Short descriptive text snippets

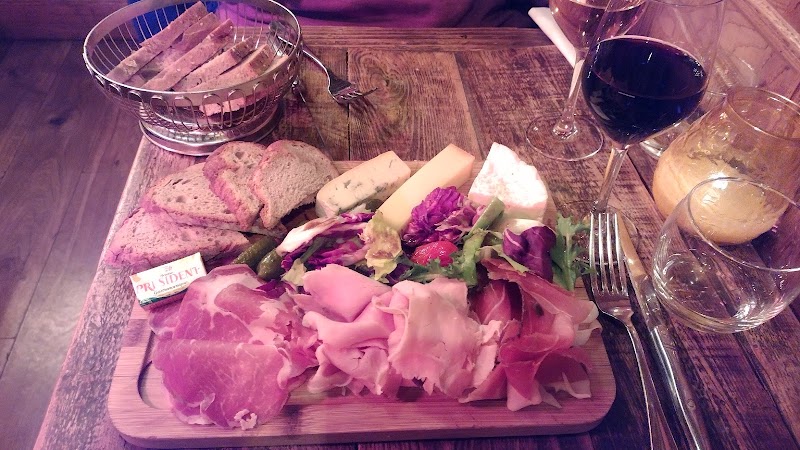 Le Petit Bistrot mirabeau - Photo 5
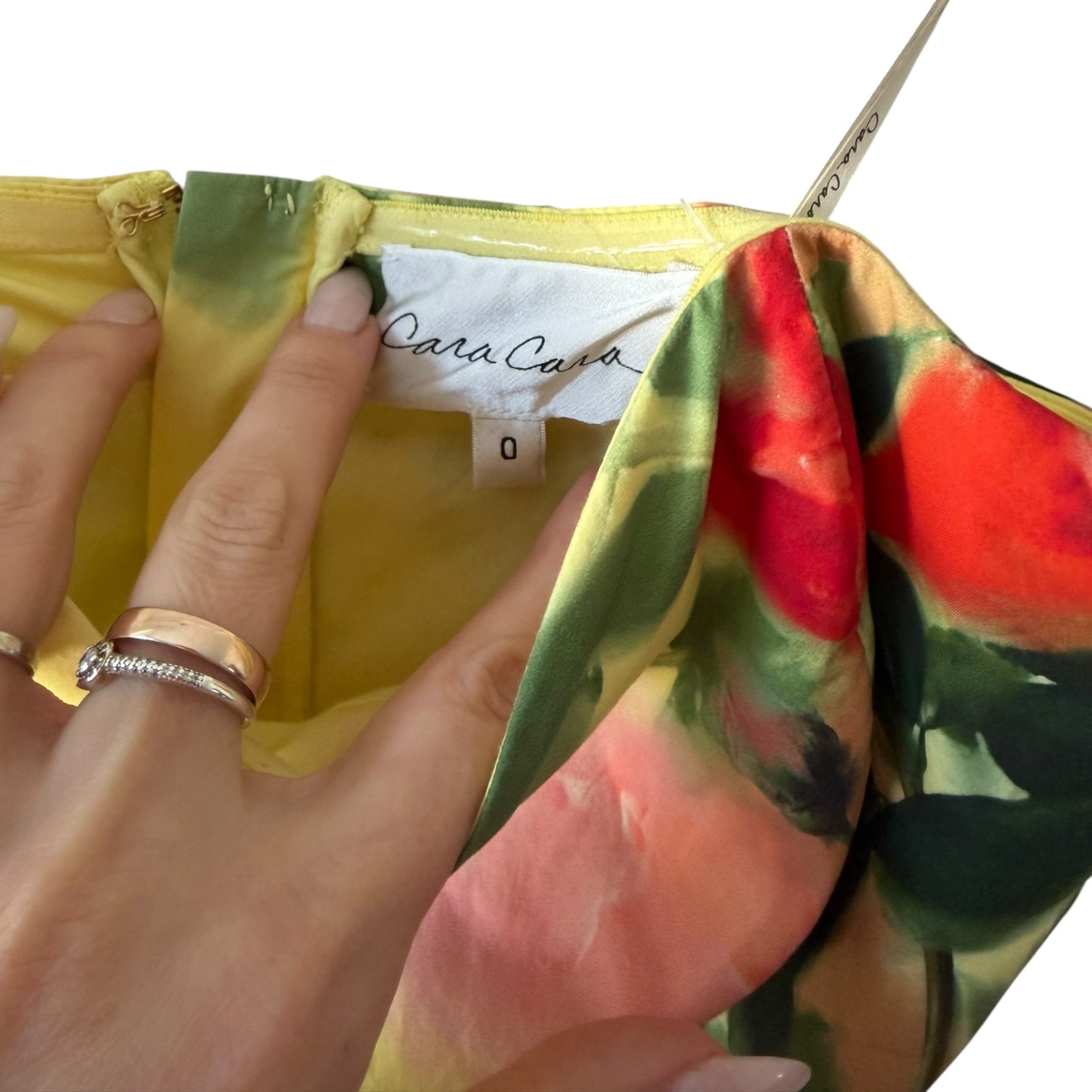 Cara Cara Willa Dress in Le Rose Yellow Size 0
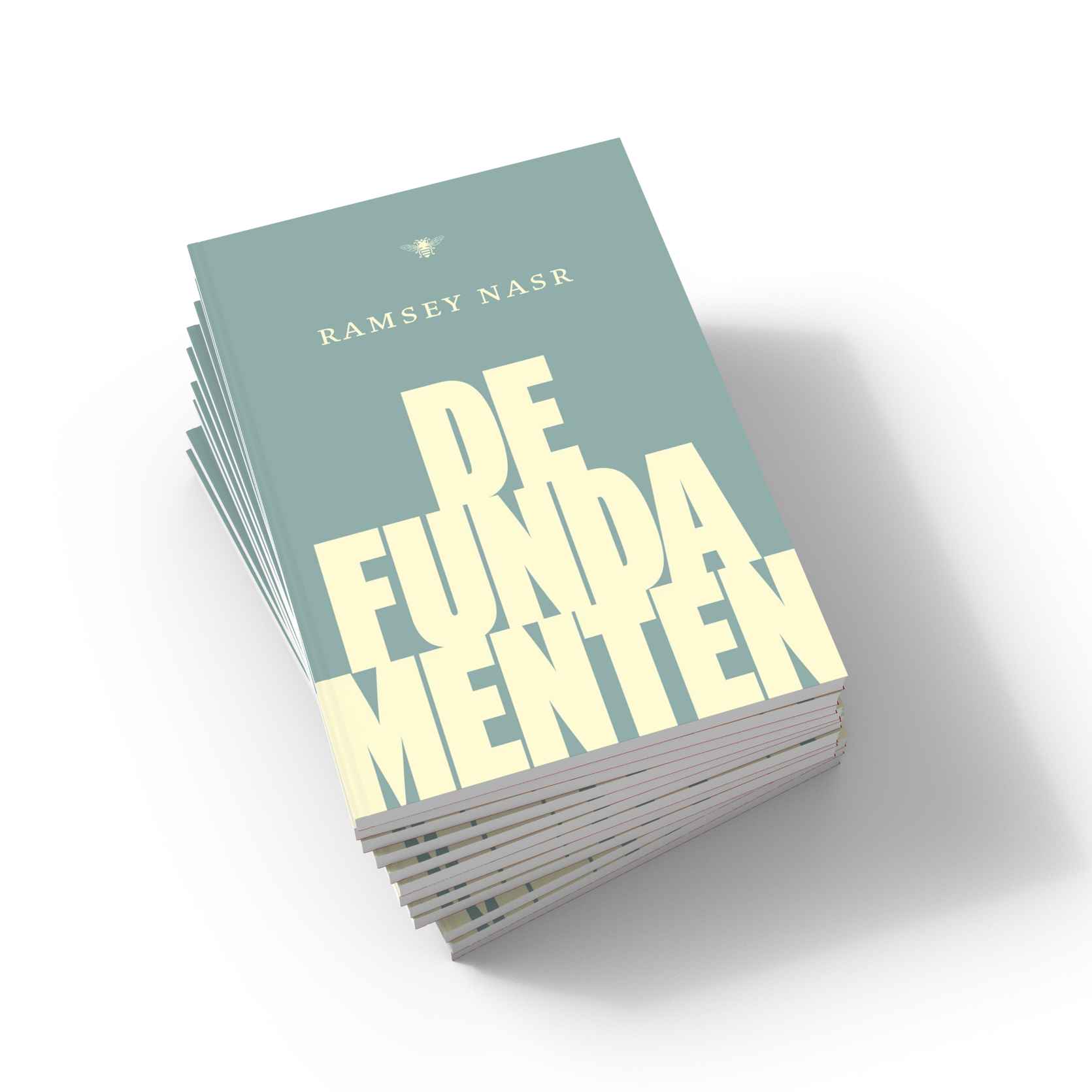 De omslag van het boek De fundamenten van Ramsey Nasr. Op een lichtblauwe achtergrond staat in witte koeienletters: DE FUNDAMENTEN.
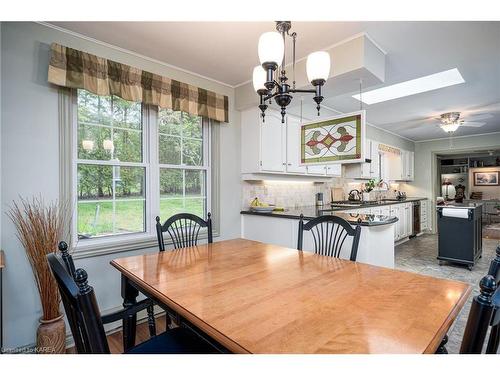 23 Brooklands Park Avenue, Bath, ON - Indoor Photo Showing Dining Room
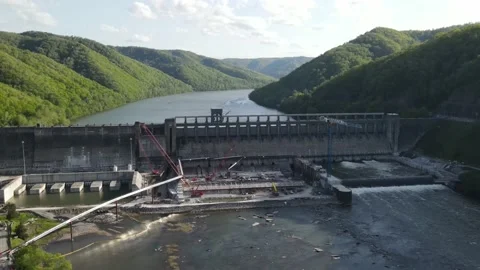 New River's Bluestone Dam exposing mountains Stock Footage 191951366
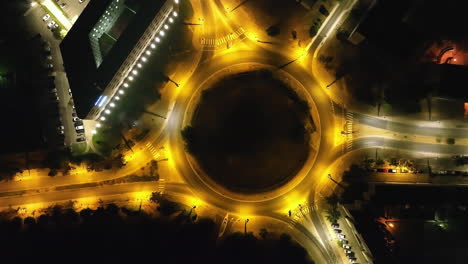 rotonda por la noche toma aérea superior de montpellier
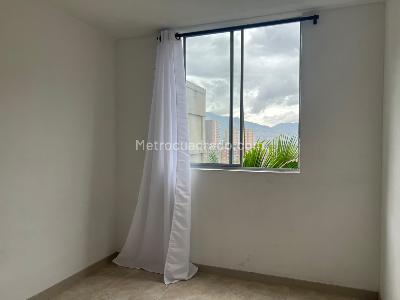 Apartamento de 3 alcobas en venta en Envigado, Envigado, 64 m² · foto 11 de 15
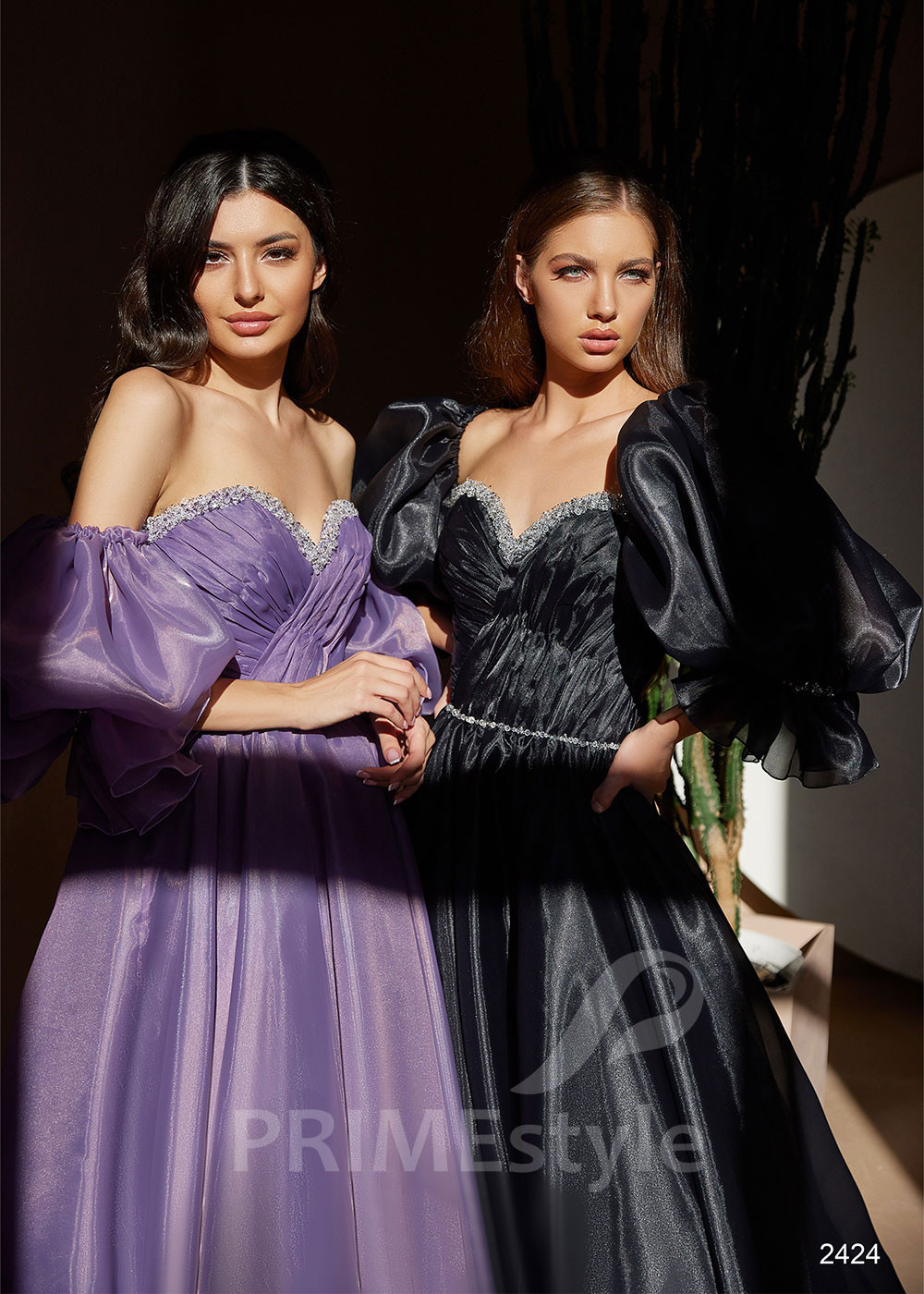 Extravagantné šaty na ples RC2424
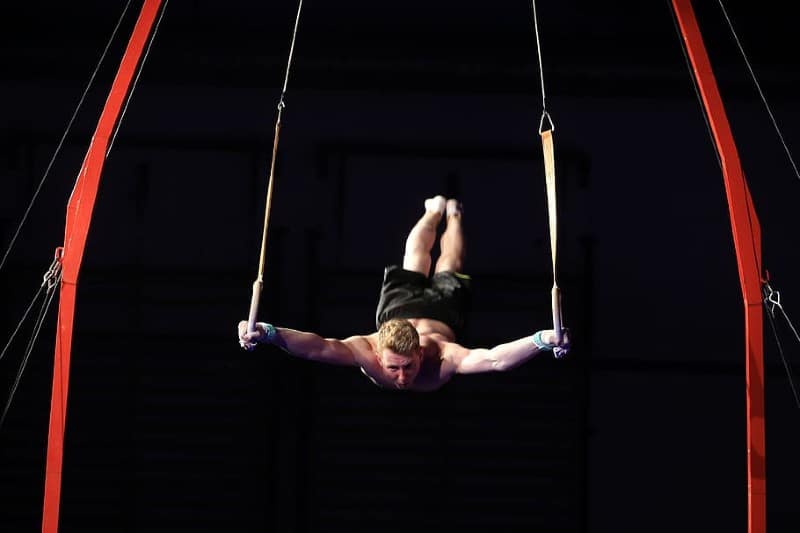 Joven latino logró romper récord Guinness por número de vueltas sobre un trapecio
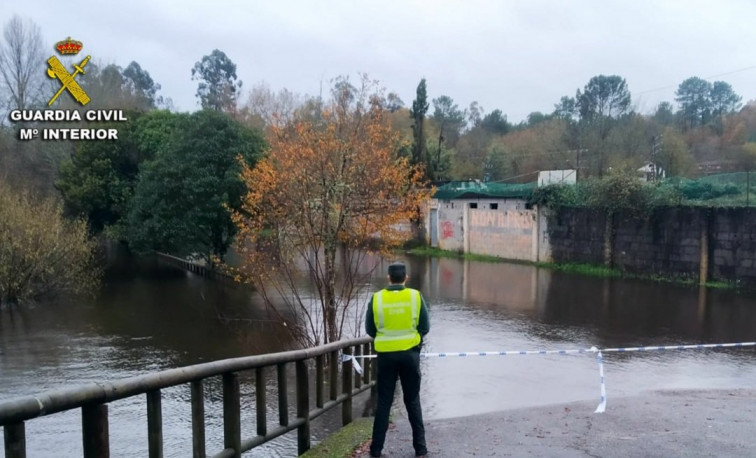 El río Tea se desborda y obliga a evacuar la parroquia de Moreira, con decenas de casas afectadas en Ponteareas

-- Problem to solve --
Write the records above out again word for word, skipping each picture.

-- Result of this task --
 Le Petit Bistrot mirabeau - Photo 5
 Cara Cara Willa Dress in Le Rose Yellow Size 0
 De omslag van het boek De fundamenten van Ramsey Nasr. Op een lichtblauwe achtergrond staat in witte koeienletters: DE FUNDAMENTEN.
 23 Brooklands Park Avenue, Bath, ON - Indoor Photo Showing Dining Room
 New River's Bluestone Dam exposing mountains Stock Footage 191951366
 rotonda por la noche toma aérea superior de montpellier
 Apartamento de 3 alcobas en venta en Envigado, Envigado, 64 m² · foto 11 de 15
 Extravagantné šaty na ples RC2424
 Joven latino logró romper récord Guinness por número de vueltas sobre un trapecio
 El río Tea se desborda y obliga a evacuar la parroquia de Moreira, con decenas de casas afectadas en Ponteareas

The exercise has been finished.